Hundreds of parts of the critically endangered helmeted hornbill appeared for sale on Thai-language Facebook groups, according to a new report.
The helmeted hornbill is a large bird with a yellow, orange and red helmet-like growth on its beak used like elephant ivory is for ornamental purposes. The bird is protected in all five countries it lives in, but poachers continue to kill the birds and sell their bills. A six-month survey by TRAFFIC, the Wildlife Trade Monitoring Network, found 40 Facebook groups where helmeted and other hornbill species’ parts were up for sale.
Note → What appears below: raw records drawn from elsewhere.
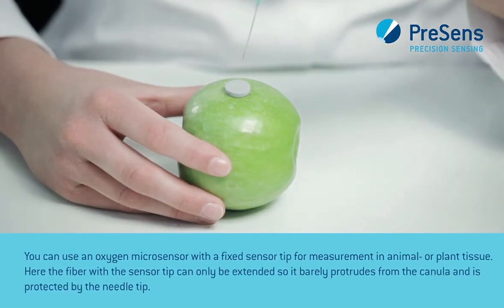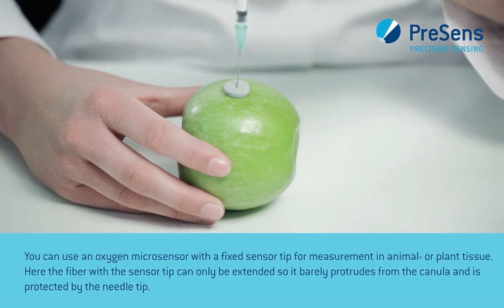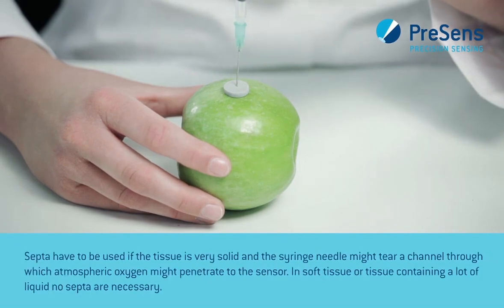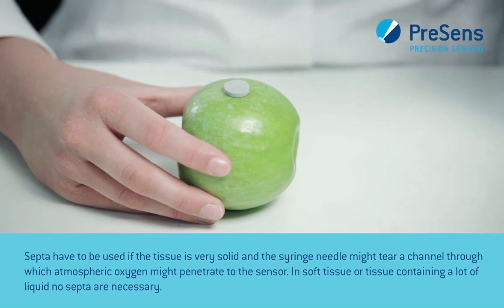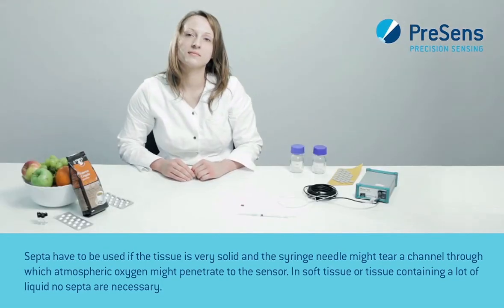You can use an oxygen microsensor with a fixed sensor tip for measurement in animal or plant tissue. The fiber with the sensor tip can only be extended so it barely protrudes from the cannula and is protected by the needle tip. Septa have to be used if the tissue is very solid and the syringe needle might tear a channel through which atmospheric oxygen might penetrate to the sensor.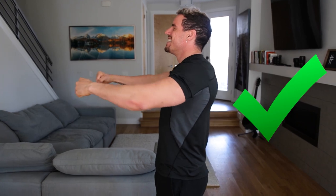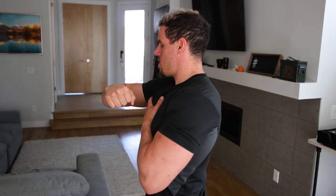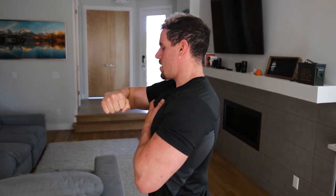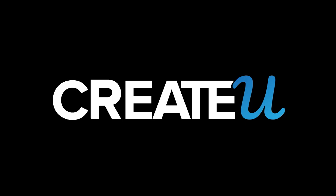Quick tip number one: each rep needs to be a controlled movement. Don't go too fast — that's exactly how you miss the effectiveness of the exercise. Number two, I suggest looking up rotator cuff warmup exercises before you get started with this workout. I like to complete them before any upper body day. Number three, don't skip leg day. When training lower body, your body has to work the hardest, and this can translate to an increase in hormone production. Number four, I'm geeked up on the low stim pre-workout from Create You — link is always in the bio, coming soon.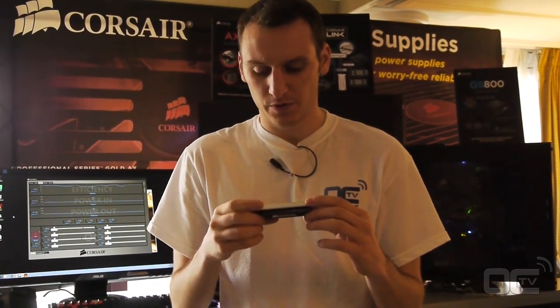What's important with this kit is they have three kits in the world that can reach 3,000 MHz on air. So that's a lot of binning, a lot of sorting, and a lot of testing the memory modules.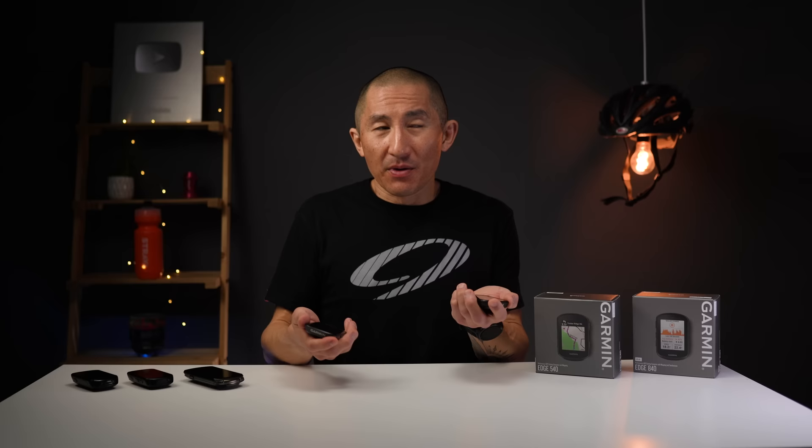In terms of price: the Edge 540 non-solar is $349, the non-solar 840 is $449 — so basically $100 more for the touchscreen. Adding solar costs another $100, making the 540 Solar $449 and the 840 Solar $549. While $100 is not a small amount of money, having used both devices side-by-side, it's worth strongly considering the extra spend for the 840. The same seven-button configuration is on both, so the 840 truly is a case of having your cake and eating it too — you get the touchscreen convenience plus full button control without compromise.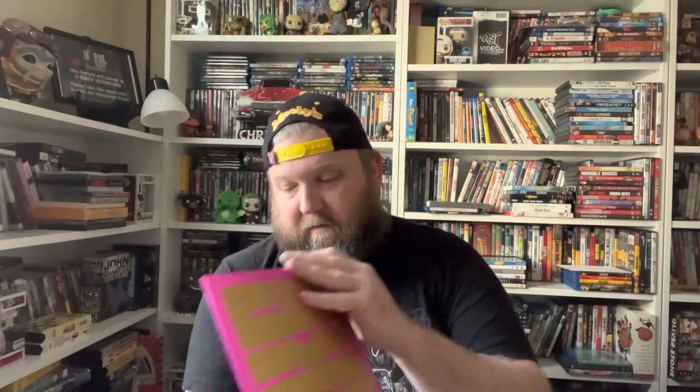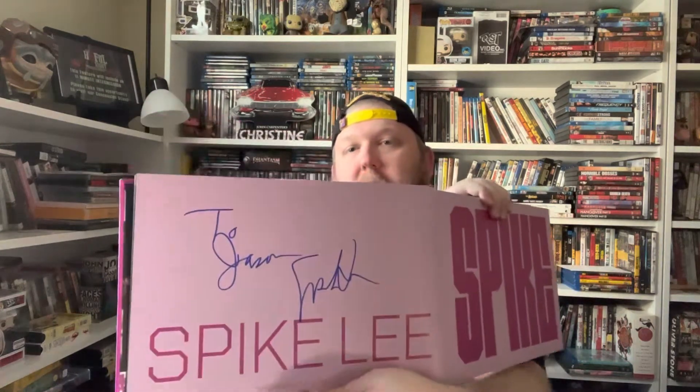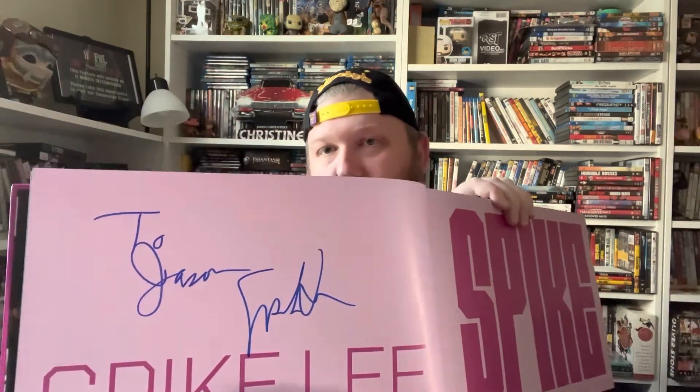So what did I pick up? Spike Lee's book — Spike. I picked this up off the online store for Spike's Joint. I really wanted to get into this. It's pretty much a book that chronicles all his work and everything like that. And inside of it, he signed it to Jason — Spike Lee.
Helmeted hornbills inhabit the tropical forest of Indonesia and the Malay Peninsula. Scientists haven’t surveyed their populations, but estimates based on the density of birds per square kilometre, combined with habitat loss and the number of birds that show up in illegal wildlife trade, have earned it the critically endangered status on the IUCN Red List of Threatened Species.
While hornbill parts don’t often appear in physical shops, according to the report, they appeared all over Facebook. The TRAFFIC survey uncovered at least 236 Facebook posts offering 546 hornbill parts, including 94 entire heads, as well as pieces of jewellery and taxidermy.
The posts comprised mostly helmeted hornbills, but some advertised parts of other hornbill species like the vulnerable great hornbill. Some sellers were based in countries with no hornbills, indicating that at least some of the sellers could have smuggled parts across border, based on their location.
Facebook has since issued a policy that bans wildlife trade on the platform from business that aren’t verified, according to a press release. Since then, 35 of the 40 groups in the TRAFFIC survey are no longer active, though new posts continue to go up in the five remaining groups.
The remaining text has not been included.